Que faire alors afin de permettre que le meilleur système
n’accouche pas d’un monstre comme ce fut le cas en Allemagne en 1933 ou qu’il
devienne une «dictacratie», ce mélange de régime autoritaire, de pratiques
populistes et de résidus de mécanismes démocratiques (que d’autres appellent,
improprement selon moi, «démocrature»)?
Retirer le pouvoir au «peuple», en tant qu’entité qui
incarne ceux qui bénéficient de la démocratie et qui en sont les garants n’est
évidemment pas possible même si cela serait souhaitable lors d’épisodes
critiques comme celui que je viens de citer.
Nous devons donc accepter la fragilité et la faiblesse
inhérente à la démocratie, savoir qu’elle est le meilleur régime et que son
dévoiement tourne rapidement au cauchemar.

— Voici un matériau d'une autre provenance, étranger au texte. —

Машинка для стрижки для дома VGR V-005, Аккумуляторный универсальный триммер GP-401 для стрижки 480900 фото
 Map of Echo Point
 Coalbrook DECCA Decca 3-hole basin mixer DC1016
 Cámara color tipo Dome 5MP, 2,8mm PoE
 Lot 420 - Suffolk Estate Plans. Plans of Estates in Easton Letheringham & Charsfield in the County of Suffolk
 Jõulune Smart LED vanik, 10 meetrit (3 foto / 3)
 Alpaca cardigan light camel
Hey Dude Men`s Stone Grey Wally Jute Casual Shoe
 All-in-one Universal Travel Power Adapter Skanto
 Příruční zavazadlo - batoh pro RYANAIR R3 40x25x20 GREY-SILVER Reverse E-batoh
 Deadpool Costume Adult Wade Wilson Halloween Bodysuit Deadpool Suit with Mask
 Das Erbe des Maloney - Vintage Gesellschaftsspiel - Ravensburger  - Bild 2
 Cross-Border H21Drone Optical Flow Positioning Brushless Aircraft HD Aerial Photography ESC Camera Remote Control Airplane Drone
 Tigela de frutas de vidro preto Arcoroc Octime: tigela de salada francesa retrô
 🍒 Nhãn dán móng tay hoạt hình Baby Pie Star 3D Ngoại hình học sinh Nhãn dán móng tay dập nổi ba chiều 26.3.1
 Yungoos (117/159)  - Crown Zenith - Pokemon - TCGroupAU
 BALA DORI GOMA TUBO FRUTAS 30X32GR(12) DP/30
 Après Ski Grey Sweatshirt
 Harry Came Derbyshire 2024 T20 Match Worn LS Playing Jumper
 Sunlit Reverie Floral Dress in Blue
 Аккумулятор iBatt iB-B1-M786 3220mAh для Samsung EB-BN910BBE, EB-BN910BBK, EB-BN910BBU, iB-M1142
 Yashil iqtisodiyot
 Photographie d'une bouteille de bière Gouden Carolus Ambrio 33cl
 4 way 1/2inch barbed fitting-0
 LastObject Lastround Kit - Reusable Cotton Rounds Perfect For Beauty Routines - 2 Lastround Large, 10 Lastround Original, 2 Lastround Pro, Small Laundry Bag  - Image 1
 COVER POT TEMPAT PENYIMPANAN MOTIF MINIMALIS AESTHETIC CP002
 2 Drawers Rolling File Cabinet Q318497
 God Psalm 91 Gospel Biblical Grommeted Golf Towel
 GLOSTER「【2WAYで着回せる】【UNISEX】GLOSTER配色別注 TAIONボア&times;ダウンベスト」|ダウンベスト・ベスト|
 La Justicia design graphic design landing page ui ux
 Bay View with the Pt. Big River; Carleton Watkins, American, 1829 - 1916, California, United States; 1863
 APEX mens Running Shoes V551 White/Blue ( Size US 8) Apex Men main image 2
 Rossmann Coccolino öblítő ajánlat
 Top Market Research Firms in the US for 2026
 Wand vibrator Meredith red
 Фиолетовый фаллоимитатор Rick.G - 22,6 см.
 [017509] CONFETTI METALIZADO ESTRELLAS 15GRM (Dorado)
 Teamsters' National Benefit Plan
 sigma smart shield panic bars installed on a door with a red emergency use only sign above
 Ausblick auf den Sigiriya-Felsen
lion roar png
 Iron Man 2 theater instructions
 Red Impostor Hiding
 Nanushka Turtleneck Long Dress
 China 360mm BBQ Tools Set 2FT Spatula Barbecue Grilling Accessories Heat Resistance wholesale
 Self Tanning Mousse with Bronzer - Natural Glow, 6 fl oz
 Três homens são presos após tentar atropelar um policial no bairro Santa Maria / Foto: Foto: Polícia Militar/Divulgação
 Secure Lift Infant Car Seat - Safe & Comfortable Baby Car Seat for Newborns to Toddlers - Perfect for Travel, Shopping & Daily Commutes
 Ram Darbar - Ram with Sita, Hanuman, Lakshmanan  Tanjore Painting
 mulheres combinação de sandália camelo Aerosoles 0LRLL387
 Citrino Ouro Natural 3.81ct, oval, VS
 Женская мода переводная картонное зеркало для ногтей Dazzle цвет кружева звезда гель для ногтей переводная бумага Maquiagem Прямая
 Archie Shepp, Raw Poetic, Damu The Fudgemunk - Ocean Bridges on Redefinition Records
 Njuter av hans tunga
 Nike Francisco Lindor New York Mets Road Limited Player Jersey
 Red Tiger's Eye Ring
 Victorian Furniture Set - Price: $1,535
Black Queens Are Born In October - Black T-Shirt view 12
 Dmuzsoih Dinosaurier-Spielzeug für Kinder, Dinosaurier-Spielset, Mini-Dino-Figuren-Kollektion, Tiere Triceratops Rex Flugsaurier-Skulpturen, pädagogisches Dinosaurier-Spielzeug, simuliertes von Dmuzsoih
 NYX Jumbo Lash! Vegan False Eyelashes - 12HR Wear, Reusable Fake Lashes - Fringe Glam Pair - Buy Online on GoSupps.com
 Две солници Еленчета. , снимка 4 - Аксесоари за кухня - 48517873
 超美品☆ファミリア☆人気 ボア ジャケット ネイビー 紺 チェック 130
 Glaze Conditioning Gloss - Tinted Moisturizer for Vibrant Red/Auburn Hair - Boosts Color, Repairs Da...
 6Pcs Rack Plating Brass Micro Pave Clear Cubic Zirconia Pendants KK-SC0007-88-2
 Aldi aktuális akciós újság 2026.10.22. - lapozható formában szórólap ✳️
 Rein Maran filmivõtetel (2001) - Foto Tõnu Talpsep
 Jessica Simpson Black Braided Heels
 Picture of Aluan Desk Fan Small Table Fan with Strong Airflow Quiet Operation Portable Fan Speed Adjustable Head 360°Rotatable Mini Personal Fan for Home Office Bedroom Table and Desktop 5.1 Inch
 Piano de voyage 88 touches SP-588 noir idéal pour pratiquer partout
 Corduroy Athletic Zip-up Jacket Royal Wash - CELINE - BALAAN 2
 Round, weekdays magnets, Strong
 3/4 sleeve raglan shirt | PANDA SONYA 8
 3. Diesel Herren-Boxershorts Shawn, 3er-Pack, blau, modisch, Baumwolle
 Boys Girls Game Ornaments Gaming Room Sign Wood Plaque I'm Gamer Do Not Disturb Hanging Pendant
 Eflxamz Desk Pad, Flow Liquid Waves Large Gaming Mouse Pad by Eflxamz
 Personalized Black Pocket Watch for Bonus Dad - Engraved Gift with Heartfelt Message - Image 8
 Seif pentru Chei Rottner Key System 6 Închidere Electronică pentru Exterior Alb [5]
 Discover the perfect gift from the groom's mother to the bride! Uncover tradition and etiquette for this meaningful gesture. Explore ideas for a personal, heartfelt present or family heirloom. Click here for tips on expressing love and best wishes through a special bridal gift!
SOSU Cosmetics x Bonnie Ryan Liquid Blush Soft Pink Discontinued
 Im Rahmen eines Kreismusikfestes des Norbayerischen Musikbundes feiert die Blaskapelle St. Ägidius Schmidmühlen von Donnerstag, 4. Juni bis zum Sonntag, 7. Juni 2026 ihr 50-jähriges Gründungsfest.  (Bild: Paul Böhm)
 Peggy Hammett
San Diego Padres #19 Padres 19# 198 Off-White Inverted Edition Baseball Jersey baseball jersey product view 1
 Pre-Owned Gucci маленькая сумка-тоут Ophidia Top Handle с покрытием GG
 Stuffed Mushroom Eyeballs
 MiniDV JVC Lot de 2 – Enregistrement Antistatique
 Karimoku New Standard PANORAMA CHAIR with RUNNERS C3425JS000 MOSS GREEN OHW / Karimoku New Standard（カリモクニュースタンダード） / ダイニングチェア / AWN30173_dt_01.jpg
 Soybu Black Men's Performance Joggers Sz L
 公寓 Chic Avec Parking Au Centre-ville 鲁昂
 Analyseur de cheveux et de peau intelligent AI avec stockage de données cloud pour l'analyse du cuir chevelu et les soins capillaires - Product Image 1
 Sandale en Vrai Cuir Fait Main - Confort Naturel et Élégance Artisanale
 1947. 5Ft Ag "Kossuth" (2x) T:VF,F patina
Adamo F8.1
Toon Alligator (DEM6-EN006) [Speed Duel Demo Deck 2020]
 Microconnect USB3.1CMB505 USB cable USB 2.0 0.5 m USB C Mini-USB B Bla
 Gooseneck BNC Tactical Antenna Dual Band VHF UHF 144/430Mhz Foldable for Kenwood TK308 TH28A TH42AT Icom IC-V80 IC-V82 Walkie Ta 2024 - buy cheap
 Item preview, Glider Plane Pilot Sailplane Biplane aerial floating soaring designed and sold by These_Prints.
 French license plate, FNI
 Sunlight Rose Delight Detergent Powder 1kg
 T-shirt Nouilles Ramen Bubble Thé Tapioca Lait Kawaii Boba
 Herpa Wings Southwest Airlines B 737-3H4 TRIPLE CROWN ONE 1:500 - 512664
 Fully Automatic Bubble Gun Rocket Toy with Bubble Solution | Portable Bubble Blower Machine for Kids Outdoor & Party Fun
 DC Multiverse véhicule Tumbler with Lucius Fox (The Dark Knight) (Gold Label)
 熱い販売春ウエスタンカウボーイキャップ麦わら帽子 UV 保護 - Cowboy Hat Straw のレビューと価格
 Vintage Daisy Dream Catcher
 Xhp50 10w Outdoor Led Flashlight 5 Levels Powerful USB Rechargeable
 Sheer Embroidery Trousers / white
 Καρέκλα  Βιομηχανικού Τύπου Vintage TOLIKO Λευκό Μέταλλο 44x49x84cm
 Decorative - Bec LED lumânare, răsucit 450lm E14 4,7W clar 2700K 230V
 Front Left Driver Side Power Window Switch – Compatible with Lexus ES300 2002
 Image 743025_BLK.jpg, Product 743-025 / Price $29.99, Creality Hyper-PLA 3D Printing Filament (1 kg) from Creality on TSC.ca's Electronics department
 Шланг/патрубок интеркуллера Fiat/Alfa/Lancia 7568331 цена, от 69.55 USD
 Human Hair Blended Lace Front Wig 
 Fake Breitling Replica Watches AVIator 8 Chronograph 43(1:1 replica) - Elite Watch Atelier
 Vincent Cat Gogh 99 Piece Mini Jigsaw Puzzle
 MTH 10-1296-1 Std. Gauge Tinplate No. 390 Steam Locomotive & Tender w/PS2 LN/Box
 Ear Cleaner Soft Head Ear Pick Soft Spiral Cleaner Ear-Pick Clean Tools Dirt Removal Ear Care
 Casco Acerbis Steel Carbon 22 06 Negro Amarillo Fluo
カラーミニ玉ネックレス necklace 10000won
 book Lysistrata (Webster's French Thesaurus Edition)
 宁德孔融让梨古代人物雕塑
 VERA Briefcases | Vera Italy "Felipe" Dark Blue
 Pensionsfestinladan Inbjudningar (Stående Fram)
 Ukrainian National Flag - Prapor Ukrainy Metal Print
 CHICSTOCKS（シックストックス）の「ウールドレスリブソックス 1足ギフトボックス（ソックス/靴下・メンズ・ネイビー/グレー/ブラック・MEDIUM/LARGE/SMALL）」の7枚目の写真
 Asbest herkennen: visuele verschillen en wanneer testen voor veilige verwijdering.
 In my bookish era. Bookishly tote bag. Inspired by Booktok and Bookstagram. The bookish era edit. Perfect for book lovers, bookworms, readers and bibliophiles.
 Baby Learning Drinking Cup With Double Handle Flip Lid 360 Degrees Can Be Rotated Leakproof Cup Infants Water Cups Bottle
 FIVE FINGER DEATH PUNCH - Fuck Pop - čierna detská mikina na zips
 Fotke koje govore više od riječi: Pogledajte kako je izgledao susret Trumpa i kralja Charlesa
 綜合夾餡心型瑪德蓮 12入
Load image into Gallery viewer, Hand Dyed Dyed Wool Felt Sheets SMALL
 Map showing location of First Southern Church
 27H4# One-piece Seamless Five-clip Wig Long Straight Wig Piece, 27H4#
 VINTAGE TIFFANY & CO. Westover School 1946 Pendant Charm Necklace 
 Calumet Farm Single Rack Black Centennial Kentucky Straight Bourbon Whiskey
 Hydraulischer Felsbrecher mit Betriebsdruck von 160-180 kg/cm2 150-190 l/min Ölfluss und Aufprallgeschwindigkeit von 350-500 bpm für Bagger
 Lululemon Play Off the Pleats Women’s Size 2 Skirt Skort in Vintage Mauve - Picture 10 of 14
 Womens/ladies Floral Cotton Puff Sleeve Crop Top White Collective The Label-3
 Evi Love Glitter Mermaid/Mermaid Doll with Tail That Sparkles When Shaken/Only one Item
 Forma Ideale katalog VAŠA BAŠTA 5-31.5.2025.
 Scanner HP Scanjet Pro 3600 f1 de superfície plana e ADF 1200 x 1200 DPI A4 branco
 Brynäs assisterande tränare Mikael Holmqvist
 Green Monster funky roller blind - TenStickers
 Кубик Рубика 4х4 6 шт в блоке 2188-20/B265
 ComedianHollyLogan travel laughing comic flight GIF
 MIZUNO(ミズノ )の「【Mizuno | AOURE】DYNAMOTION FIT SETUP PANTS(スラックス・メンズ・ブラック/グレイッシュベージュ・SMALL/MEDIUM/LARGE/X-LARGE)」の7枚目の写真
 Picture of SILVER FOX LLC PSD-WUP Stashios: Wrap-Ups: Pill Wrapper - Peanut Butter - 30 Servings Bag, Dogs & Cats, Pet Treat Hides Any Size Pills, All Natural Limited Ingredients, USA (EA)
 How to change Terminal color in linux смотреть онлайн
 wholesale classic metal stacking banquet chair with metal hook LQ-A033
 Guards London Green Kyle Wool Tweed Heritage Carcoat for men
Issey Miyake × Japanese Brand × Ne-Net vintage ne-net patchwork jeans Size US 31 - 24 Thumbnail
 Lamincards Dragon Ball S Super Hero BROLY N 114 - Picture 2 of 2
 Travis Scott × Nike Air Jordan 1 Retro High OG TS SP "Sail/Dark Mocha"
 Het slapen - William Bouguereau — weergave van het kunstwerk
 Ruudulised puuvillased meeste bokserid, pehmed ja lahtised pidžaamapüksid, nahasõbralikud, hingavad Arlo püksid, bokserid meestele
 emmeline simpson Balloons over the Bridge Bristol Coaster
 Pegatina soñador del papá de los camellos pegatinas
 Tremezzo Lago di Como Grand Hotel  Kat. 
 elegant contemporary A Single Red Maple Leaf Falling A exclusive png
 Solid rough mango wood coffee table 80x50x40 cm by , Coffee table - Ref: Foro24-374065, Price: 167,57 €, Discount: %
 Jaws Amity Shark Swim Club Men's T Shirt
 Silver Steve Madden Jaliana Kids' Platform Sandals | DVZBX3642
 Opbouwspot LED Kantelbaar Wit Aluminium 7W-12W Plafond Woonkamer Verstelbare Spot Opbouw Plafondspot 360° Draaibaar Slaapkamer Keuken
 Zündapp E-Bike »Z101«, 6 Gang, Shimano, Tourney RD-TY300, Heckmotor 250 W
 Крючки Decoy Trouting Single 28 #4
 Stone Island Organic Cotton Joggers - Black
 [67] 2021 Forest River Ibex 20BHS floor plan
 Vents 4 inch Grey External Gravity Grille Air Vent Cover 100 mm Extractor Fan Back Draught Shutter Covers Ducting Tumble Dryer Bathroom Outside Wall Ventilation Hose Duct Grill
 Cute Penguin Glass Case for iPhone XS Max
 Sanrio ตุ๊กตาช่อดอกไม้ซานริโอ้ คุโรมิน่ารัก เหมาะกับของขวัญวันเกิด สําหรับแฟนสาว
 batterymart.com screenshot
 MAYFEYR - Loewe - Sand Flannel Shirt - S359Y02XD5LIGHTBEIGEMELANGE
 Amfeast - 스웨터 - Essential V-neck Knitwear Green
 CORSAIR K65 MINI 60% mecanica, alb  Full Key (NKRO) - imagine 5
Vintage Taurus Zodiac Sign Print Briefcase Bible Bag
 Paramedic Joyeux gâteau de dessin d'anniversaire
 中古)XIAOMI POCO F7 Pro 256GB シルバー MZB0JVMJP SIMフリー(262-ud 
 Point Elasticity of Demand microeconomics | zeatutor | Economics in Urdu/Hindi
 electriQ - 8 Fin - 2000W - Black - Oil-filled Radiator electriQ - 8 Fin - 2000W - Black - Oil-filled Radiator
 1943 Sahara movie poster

Mais cette acceptation n’est pas et ne doit pas être
renoncement.
Ainsi, la démocratie nécessite et nécessitera toujours un
activisme constant pour la défendre.
Une des grandes erreurs de beaucoup de ses défenseurs et de
ses prosélytes a été de croire que les bienfaits de la démocratie en feraient
un système indestructible «par nature».
Rien n’est plus faux
Dans leur analyse, ils avaient plus ou moins complètement
oublié que la liberté est un état qui nécessite la prise en charge par chaque
individu de la responsabilité de sa vie (en prenant les décisions qui vont, en
partie, en faire ce qu’elle va devenir) et celle de ses actes vis-à-vis
d’autrui.
Or, nombre de gens ne veulent pas de cette double
responsabilité qui les oblige et préfère le «cocon» de l’incapacité et de la
débilité tout en revendiquant malgré tout d’être le centre du monde et de
bénéficier entièrement des bienfaits sans en accepter les obligations inhérentes
qui y sont attachées.
Dès lors, tout en sachant que le pire est toujours possible
mais pas forcément inévitable, tous ceux qui défendent la démocratie doivent
faire en sorte de la promouvoir constamment, de la solidifier par la loi et par
des mesures concrètes comme la constante élévation du niveau culturel des
populations et, surtout, dans la réalisation effective des promesses contenues
dans ses valeurs tout en étant conscients que tout interférence inhérente à la
vie sur Terre sera généralement portée au passif de cette démocratie par ses
garants, le peuple.
Si la démocratie est ce gouvernement du peuple, par le
peuple et pour le peuple, elle ne doit jamais être laissée au bon vouloir du
peuple et à ses humeurs.
Plus facile à dire qu’à faire mais si l’on y parvient et
pour répondre à notre question, alors la démocratie est la plus belle chose.
Mais que la route semble encore longue.